I firmly believe that God gave this directive on the front end of the Bible because He had already peeped the in-law relationship and knew it could be disastrous without biblical foundation for separation. If you read any of my blog posts you know I speak from my heart and almost always from personal experience.

My husband and I come from in my opinion and for various reasons highly dysfunctional yet functional families. And I believe we turned out good enough, we have had to exorcise some demons and continue to fight battles with residual baggage. I am proud of the fact that I worked through a huge amount of stuff during my “time in the chair”. And my husband well he dealt with his in war zones, “God Bless the Infantry.”

I have the honor of being married to my best friend, our friendship relationship was silly and fun, our dating relationship was adventurous, our marriage is all of the above with a new twist.

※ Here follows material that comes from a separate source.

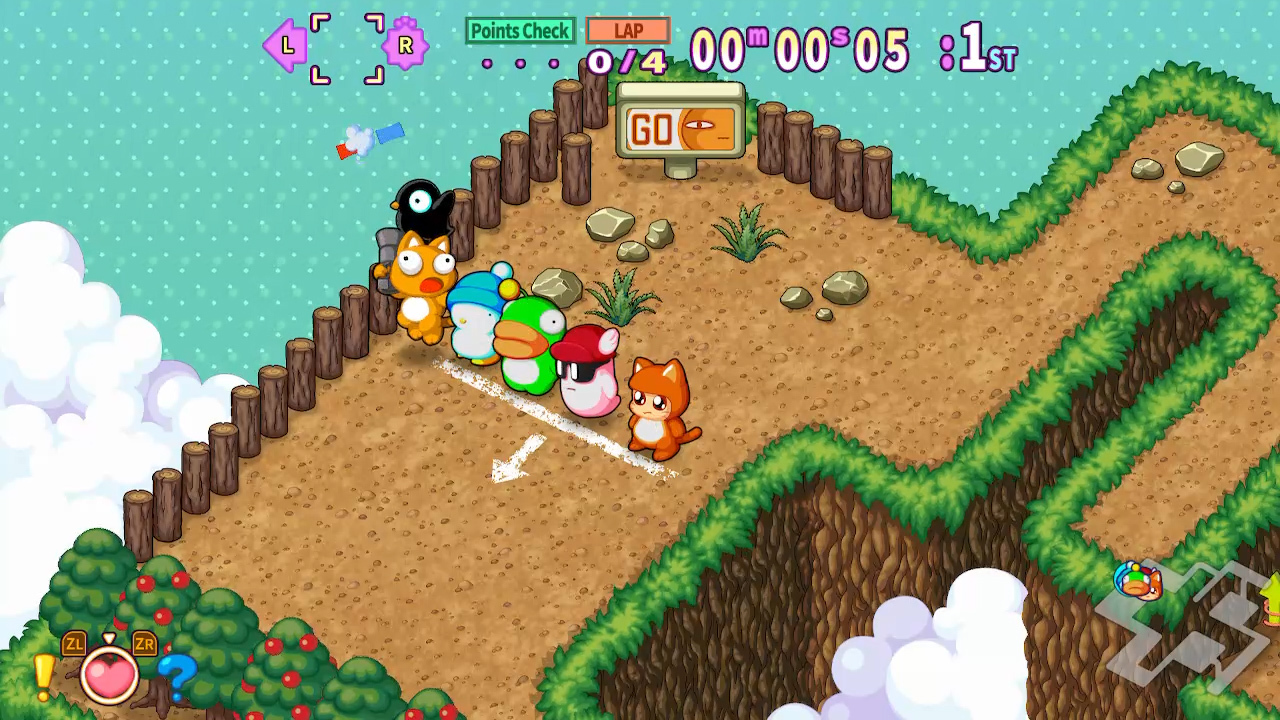 サンソフト『はしれへべれけ』のリメイク『はしれへべれけEX』9月3日に発売決定、予約受付開始_003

In-laws. I decided about four years ago to be intentional about keeping my family at a distance. My familial relationship were causing me stress, and I continually felt pressure to sacrifice my happiness, comfort to keep the peace or to make the happiness of others my responsibilities. This personal martyrdom did not work well for; it served me well for many years growing however as an adult I begin to want to live a life being my authentic self. Let the painful transition commence. For my husband, the same intentionality has not yielded desired results, so the painful transition seems to have landed right smack in the midst of our marriage. I will say what I have said before; I do not like manipulative people, who like to play games with scripture to control.

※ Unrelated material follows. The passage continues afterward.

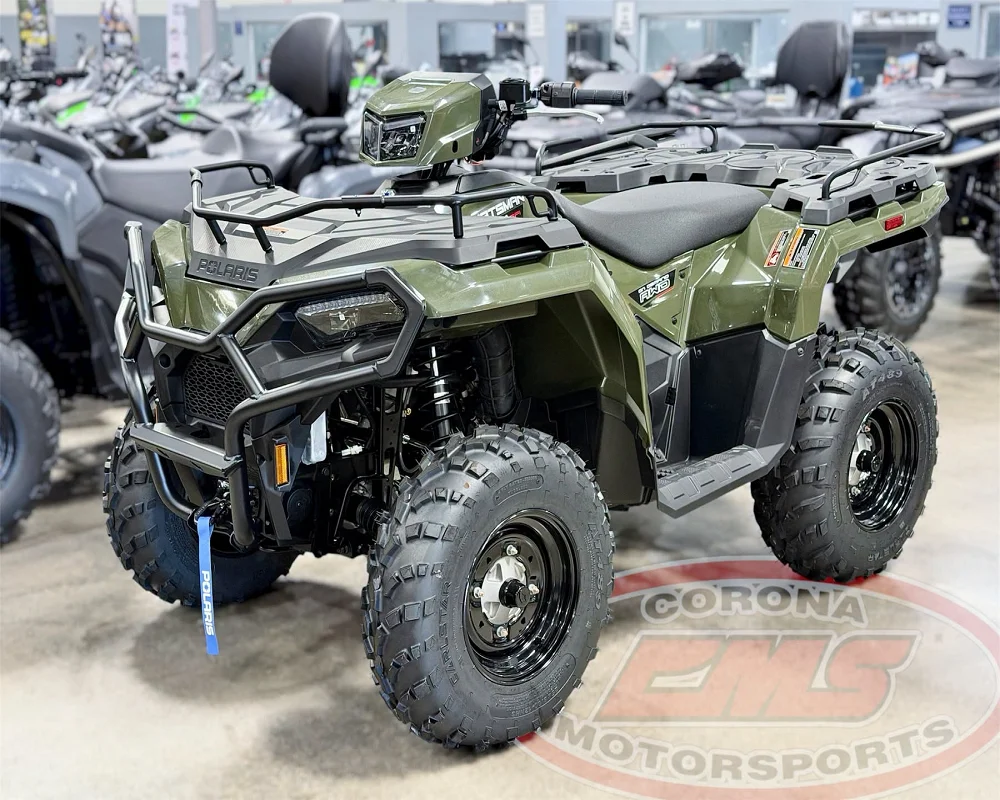 Фото Новый Polaris Sportsman 570 EPS 2026 года выпуска №1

Parents have the overwhelming tendency to look at their adult children and still see a child. And adult children have an overwhelming tendency to play the role of the child because it is easier than staking claim of one’s adulthood and independence. Mom’s need to be needed and dad’s need to rescue. The problem is that once we reach adulthood and especially after marriage wives’ need to be needed and husband’s need to rescue. And it is hard enough to navigate those newfound pressures with the external ones from “well-intentioned” family members. Here is the rub, most parents perceive cleaving, setting boundaries and trying to build a family outside of them and in some cases without them as dishonoring and in their push for honor anger ensues.

Exodus 20:12 Honor your father and your mother, so that you may live long in the land the LORD your God is giving you.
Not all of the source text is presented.